## REQUIRED WORK
Hand back, word for word, the lines from the one containing "Mũ nồi lông mềm nhiều màu cho bé size 3-8y" to the end of the records, both included, and leave out pictures.

## ENTRIES SUPPLIED
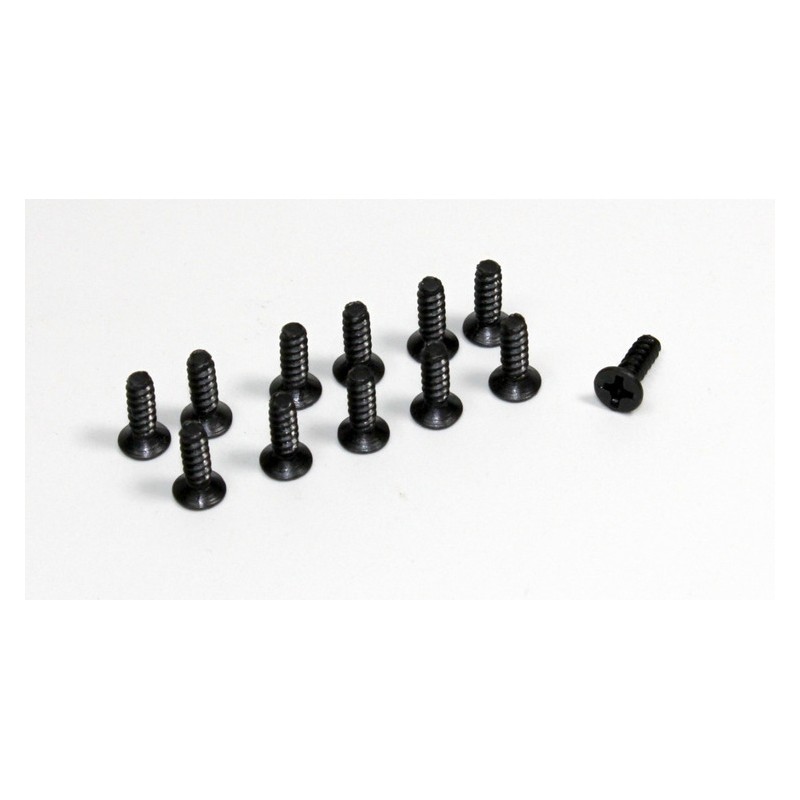 ABSIMA Śruby / Flat Cross Screw M3x10 (12) Buggy/Truggy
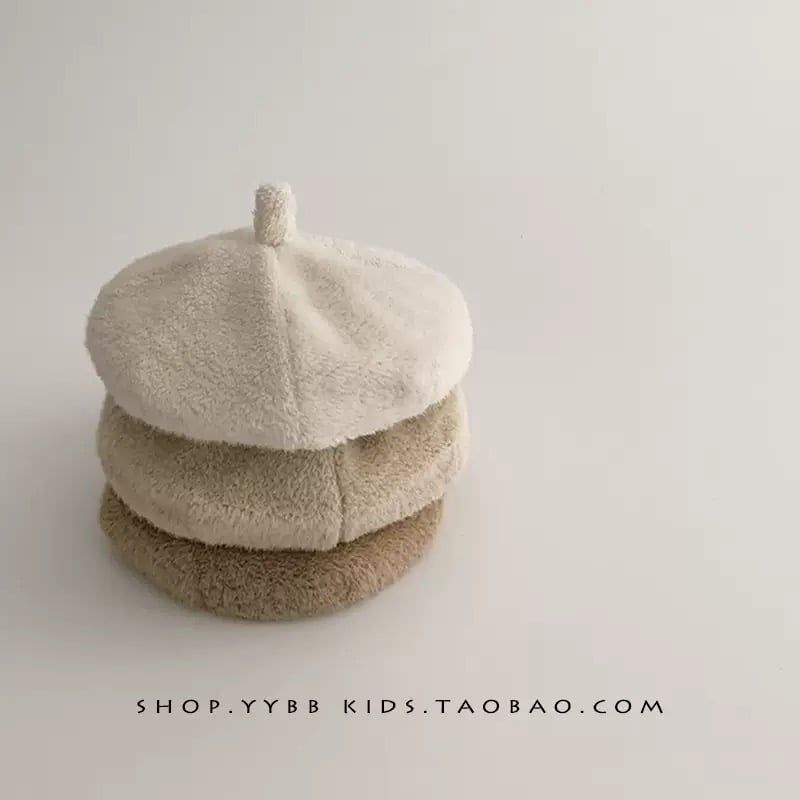 Mũ nồi lông mềm nhiều màu cho bé size 3-8y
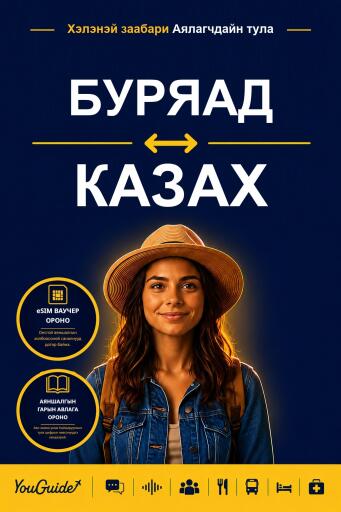 Portada del libro «The Language Guide for Travelers - Buryat to Kazakh», de YouGuide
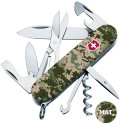 Складной нож Victorinox CLIMBER ARMY Пиксель с крас. лого 1.3703.3.W3941p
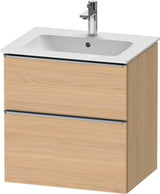 DURAVIT D-Neo Waschtischunterbau 610 mm Eiche Schwarz mit Bronze Griff – wandhängend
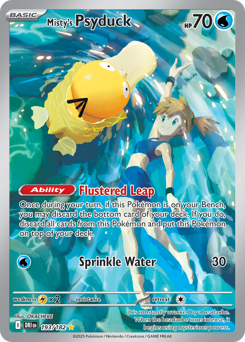 Pokemon Destined Rivals Misty's Psyduck - 193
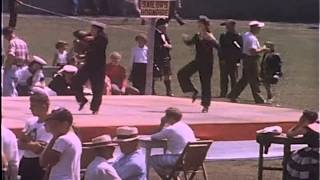 Sailors hornpipe and Fling  Caledonian Games  July 1958  Vancouver archives [upl. by Dnalyaw]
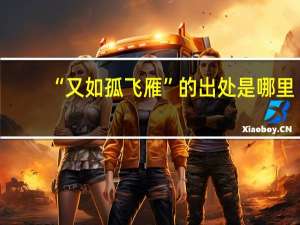 “又如孤飞雁”的出处是哪里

## EXERCISE OUTPUT
 Mũ nồi lông mềm nhiều màu cho bé size 3-8y
 Portada del libro «The Language Guide for Travelers - Buryat to Kazakh», de YouGuide
 Складной нож Victorinox CLIMBER ARMY Пиксель с крас. лого 1.3703.3.W3941p
 DURAVIT D-Neo Waschtischunterbau 610 mm Eiche Schwarz mit Bronze Griff – wandhängend
 Pokemon Destined Rivals Misty's Psyduck - 193
 Sailors hornpipe and Fling  Caledonian Games  July 1958  Vancouver archives [upl. by Dnalyaw]
 “又如孤飞雁”的出处是哪里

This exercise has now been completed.